---------- Records for the exercise
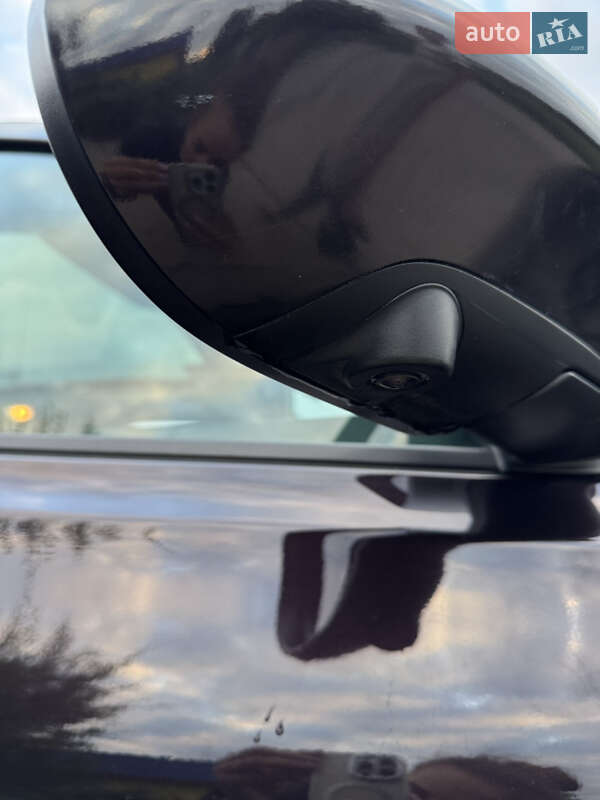 Внедорожник / Кроссовер Nissan Qashqai 2012 в Умани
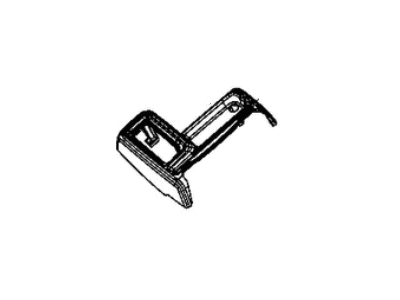 Ram Shift Indicator - 6SA22TX7AB
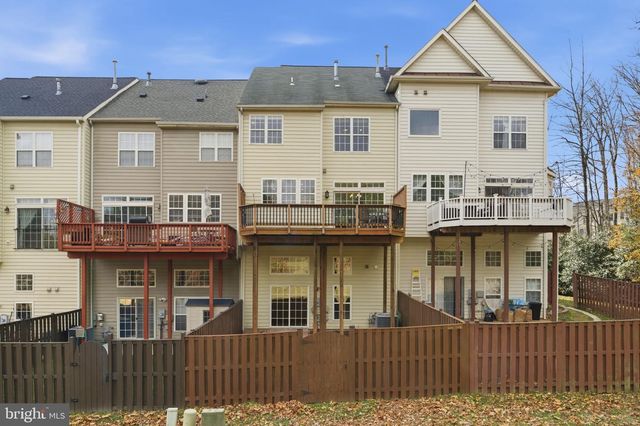 1538 ARTILLERY TER NE, Leesburg, VA 20176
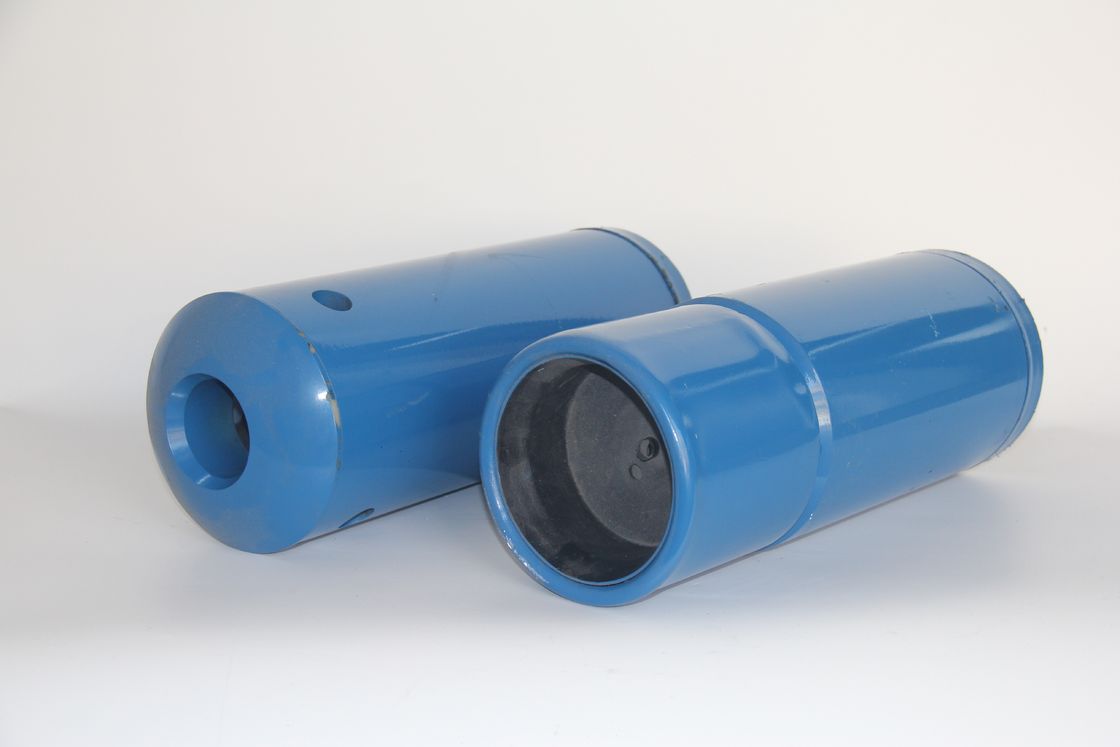 8-5/8 L80 Ventil đơn Special Thread Float Shoe And Collar API Standard Downhole Tools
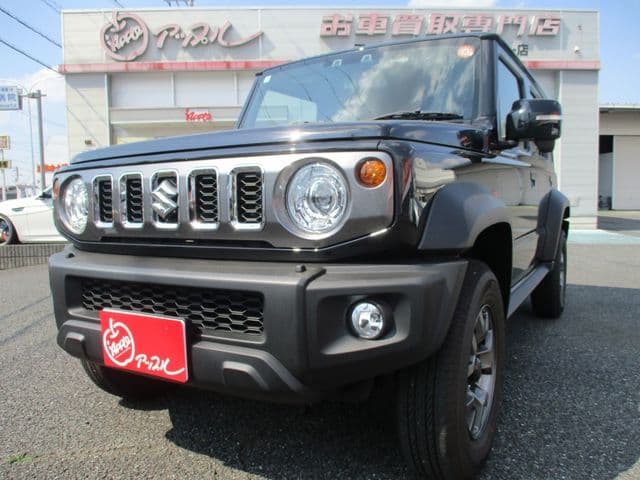 SUZUKI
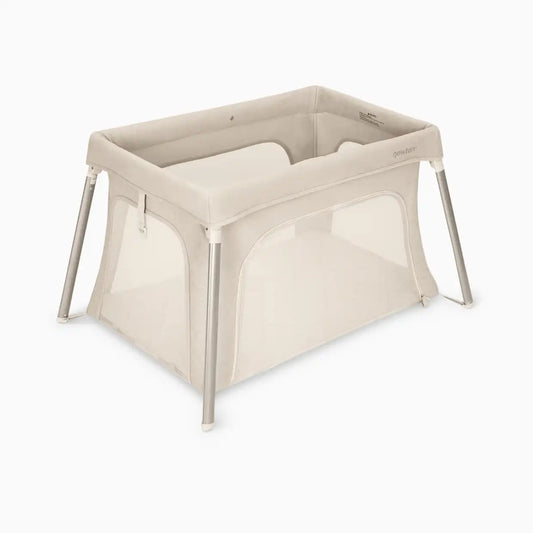 Compact Travel Crib & Play Yard
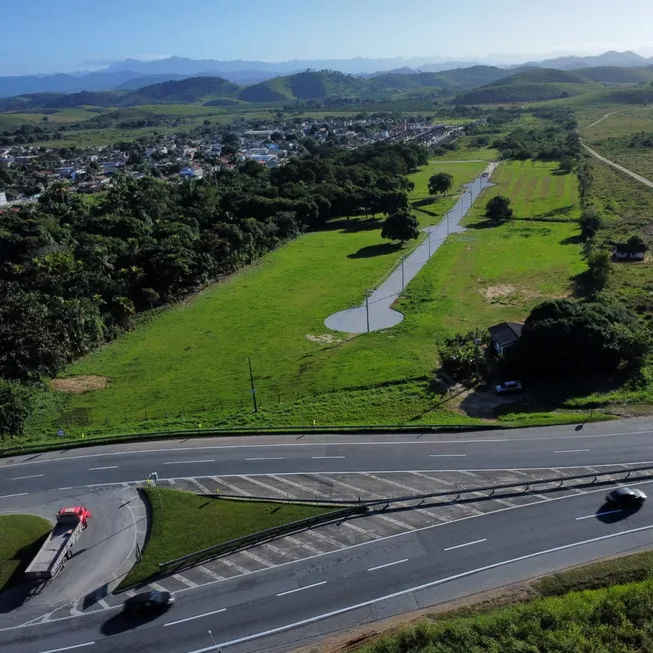 Foto 1 de Lote/Terreno à venda, 500m² em Boa Esperança, Rio Bonito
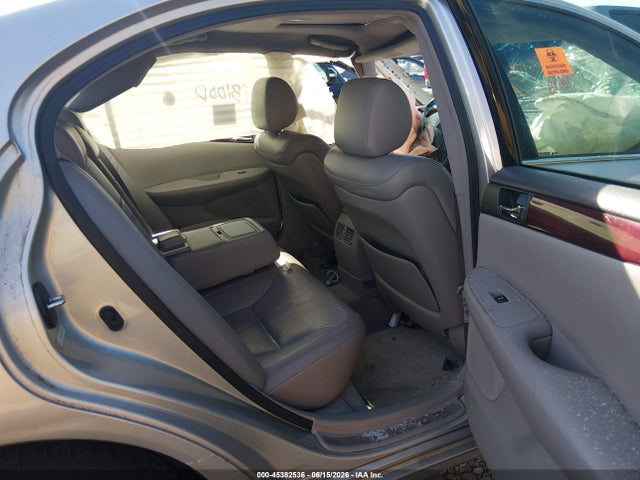 45382536 :رقم المزاد ، JTHBF30G320026485 vin ، 2002 Lexus Es 300 مزاد بيع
--------------------
Output every line of the records exactly, excluding all pictures.

Solution below ::
 Внедорожник / Кроссовер Nissan Qashqai 2012 в Умани
 Ram Shift Indicator - 6SA22TX7AB
 1538 ARTILLERY TER NE, Leesburg, VA 20176
 8-5/8 L80 Ventil đơn Special Thread Float Shoe And Collar API Standard Downhole Tools
 SUZUKI
 Compact Travel Crib & Play Yard
 Foto 1 de Lote/Terreno à venda, 500m² em Boa Esperança, Rio Bonito
 45382536 :رقم المزاد ، JTHBF30G320026485 vin ، 2002 Lexus Es 300 مزاد بيع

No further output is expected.